EXERCISE DATA -
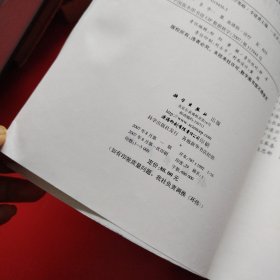 血液疾病诊断流程与治疗策略（看图拍）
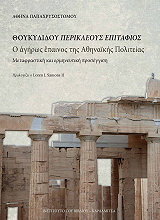 ΠΑΠΑΧΡΥΣΟΣΤΟΜΟΥ ΑΘΗΝΑ ΘΟΥΚΥΔΙΔΟΥ ΠΕΡΙΚΛΕΟΥΣ ΕΠΙΤΑΦΙΟΣ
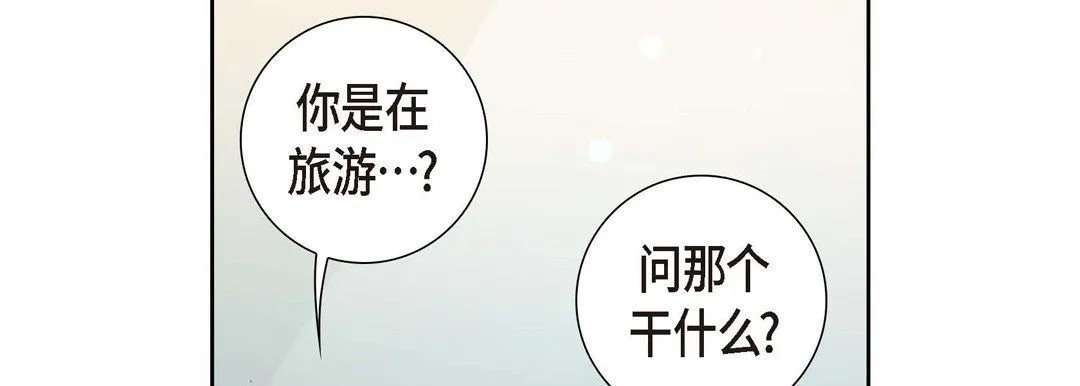 献给心脏 - 第2话 - page 82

PROBLEM STATEMENT -
Everything in the data except the pictures should be restated word for word.

ANSWER BOX -
 血液疾病诊断流程与治疗策略（看图拍）
 ΠΑΠΑΧΡΥΣΟΣΤΟΜΟΥ ΑΘΗΝΑ ΘΟΥΚΥΔΙΔΟΥ ΠΕΡΙΚΛΕΟΥΣ ΕΠΙΤΑΦΙΟΣ
 献给心脏 - 第2话 - page 82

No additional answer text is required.